There are two encounters that stand out in The Lost Version, one with a beautiful female demon sent to pursue Azazel and Webster and who fools Azazel into giving her all of his jewelry, and the other with a modern city. The first is a source of mirth, as the demon is beaten at her own game, while the second appears merely to provide an excuse for Beagle’s lamentation on life in the modern world. Neither episode survived into the published version, although a fat man who tries to capture the unicorn while seeing her as only a horse appears with his wife in The Lost Version, and there is a encounter with a virgin that also survives.
Very little need be said here about The Lost Version. It is interesting only as a curiosity to committed fans, with little of the charm or metafictional elements which stand out in the published version. Beagle, however, has also published a short story sequel to The Last Unicorn that is worthy of examination. “Two Hearts,” winner of the Hugo and Nebula Awards for Best Fantasy Novelette, first appeared in the October/November 2005 issue of The Magazine of Fantasy & Science Fiction and was reprinted in The Line Between in 2006. It is especially interesting that Beagle eventually wrote a sequel to The Last Unicorn, since in his Foreword to Giant Bones he asserted emphatically that “never for a moment did I feel the least interest…in what became of Molly Grue and Schmendrick the Magician.…” His fans apparently did, however, and Beagle obliged with “Two Hearts.”

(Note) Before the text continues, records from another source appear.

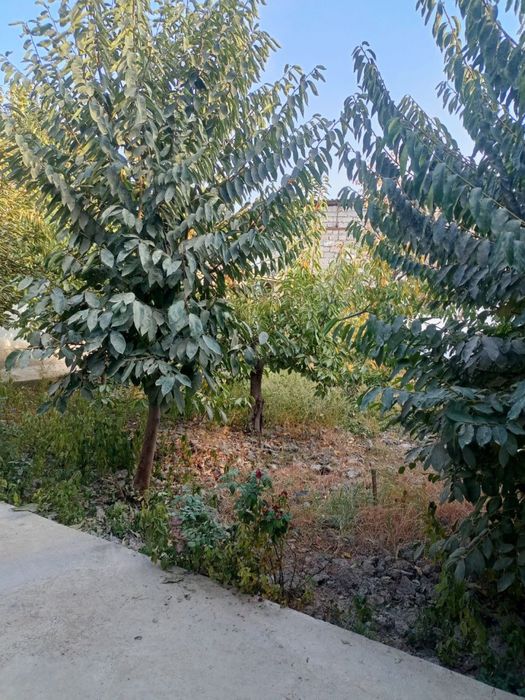 Продаётся жилой дом!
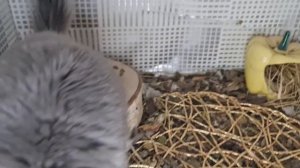 Шиншилла Фиолетовая Королевская Персидская Ангора 50%Носитель Сапфира Девочка!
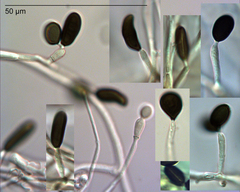 Apiospora sphaerosperma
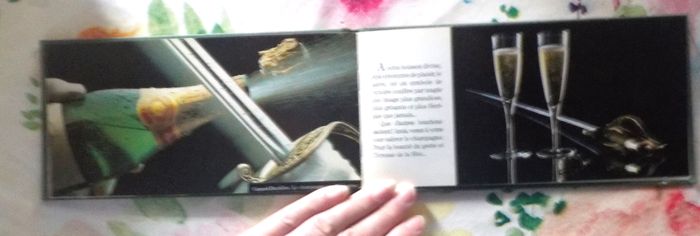 L'ART DE SABRER LE CHAMPAGNE par CANARD-DUCHENE - photo numéro 5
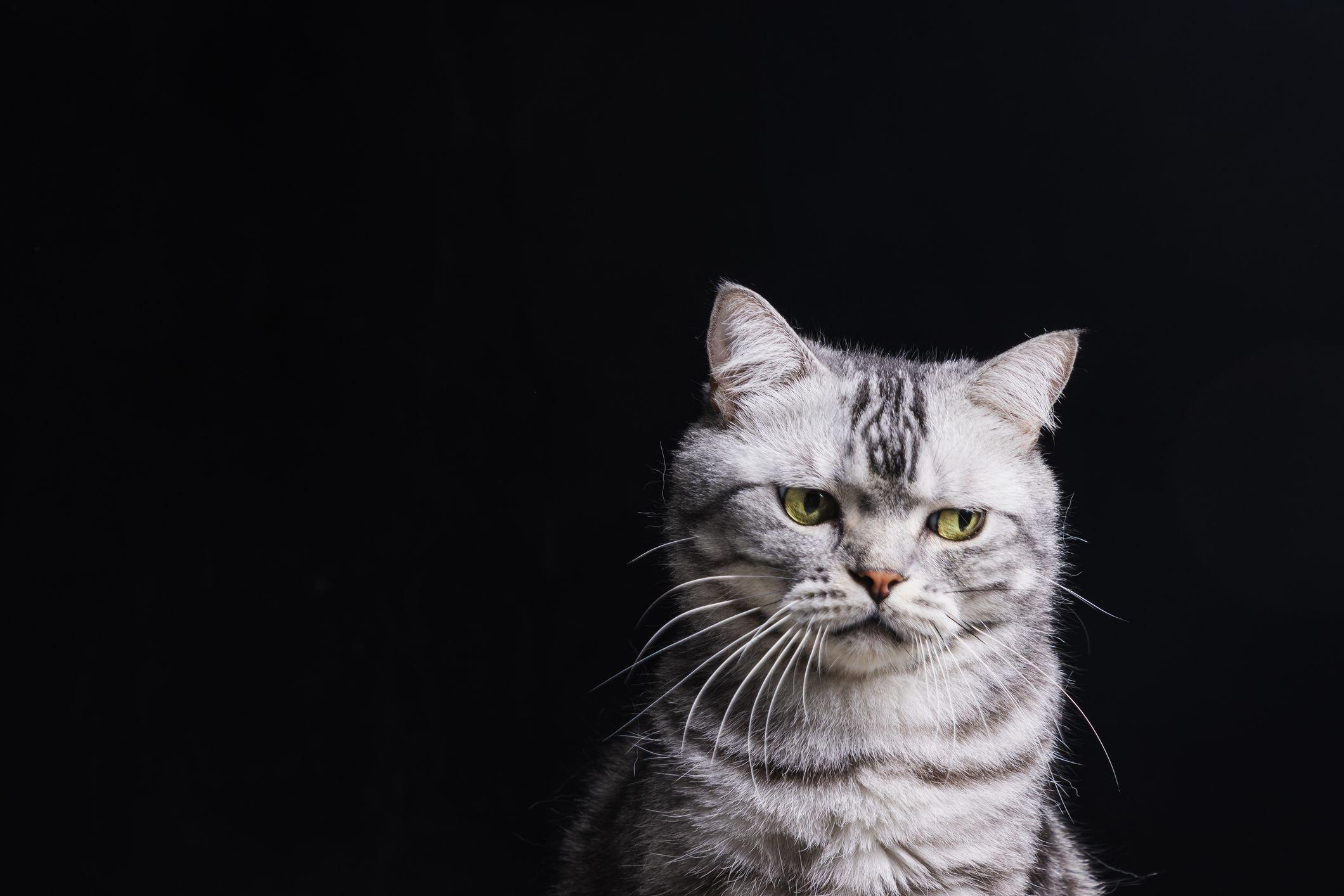 gato cinza em fundo preto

The narrator of “Two Hearts” is a nine-year-old girl named Sooz, but the more interesting characters are Schmendrick, Molly, and King Lír. The story picks up the characters many years later, and shows us how life goes on for them.
Sooz tells us she will be ten next month, on the anniversary of the day the griffin came. It stayed in the Midnight Wood, and ate sheep and goats until the last year, when it began eating children. The men tried to organize some sort of patrol, so they could see when the griffin, with its lion’s body and eagle’s wing, with its great front claws like teeth and a monstrous beak, was coming. They sent messages to the king, who sent first a single knight and then five knights together. They rode into the woods, and all but one were never seen again, and that one died before he could tell them what happened. The third time an entire squadron came, and after that they didn’t send to the king any more. Then the griffin took Felicitas, Sooz’s best friend even though she couldn’t talk. That was the night she set off to see the king herself.